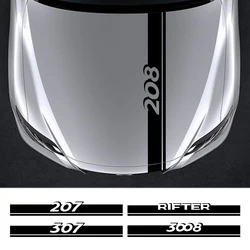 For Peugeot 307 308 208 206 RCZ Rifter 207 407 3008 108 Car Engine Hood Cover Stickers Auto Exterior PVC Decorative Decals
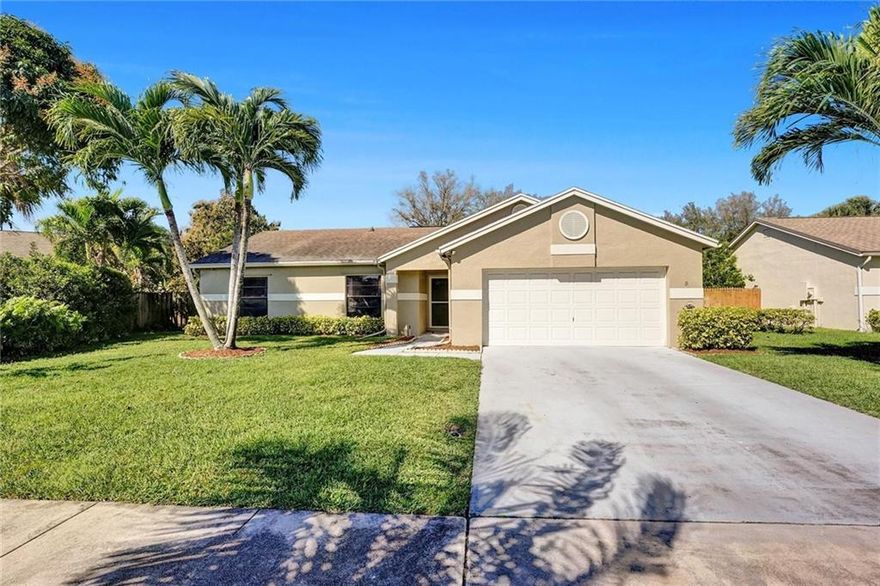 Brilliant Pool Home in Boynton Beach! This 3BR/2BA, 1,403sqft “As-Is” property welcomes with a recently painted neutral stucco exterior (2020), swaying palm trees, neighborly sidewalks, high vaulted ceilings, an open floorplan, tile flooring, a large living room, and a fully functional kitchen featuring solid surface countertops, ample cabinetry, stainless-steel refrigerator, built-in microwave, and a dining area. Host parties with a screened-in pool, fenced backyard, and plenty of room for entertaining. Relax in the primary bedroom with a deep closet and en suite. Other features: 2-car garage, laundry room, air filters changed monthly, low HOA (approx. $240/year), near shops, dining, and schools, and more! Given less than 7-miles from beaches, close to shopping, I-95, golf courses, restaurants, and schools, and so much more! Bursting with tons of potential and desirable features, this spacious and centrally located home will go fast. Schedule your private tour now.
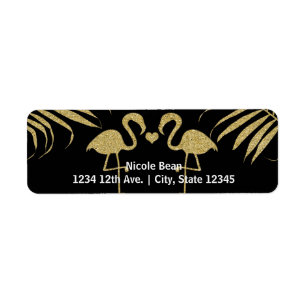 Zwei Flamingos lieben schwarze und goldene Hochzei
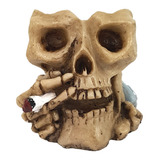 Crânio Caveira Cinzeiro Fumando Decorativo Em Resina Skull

--- Exercise brief ---
Give the data again exactly as written, with no pictures included.

--- Task result ---
 For Peugeot 307 308 208 206 RCZ Rifter 207 407 3008 108 Car Engine Hood Cover Stickers Auto Exterior PVC Decorative Decals
 Brilliant Pool Home in Boynton Beach! This 3BR/2BA, 1,403sqft “As-Is” property welcomes with a recently painted neutral stucco exterior (2020), swaying palm trees, neighborly sidewalks, high vaulted ceilings, an open floorplan, tile flooring, a large living room, and a fully functional kitchen featuring solid surface countertops, ample cabinetry, stainless-steel refrigerator, built-in microwave, and a dining area. Host parties with a screened-in pool, fenced backyard, and plenty of room for entertaining. Relax in the primary bedroom with a deep closet and en suite. Other features: 2-car garage, laundry room, air filters changed monthly, low HOA (approx. $240/year), near shops, dining, and schools, and more! Given less than 7-miles from beaches, close to shopping, I-95, golf courses, restaurants, and schools, and so much more! Bursting with tons of potential and desirable features, this spacious and centrally located home will go fast. Schedule your private tour now.
 Zwei Flamingos lieben schwarze und goldene Hochzei
 Crânio Caveira Cinzeiro Fumando Decorativo Em Resina Skull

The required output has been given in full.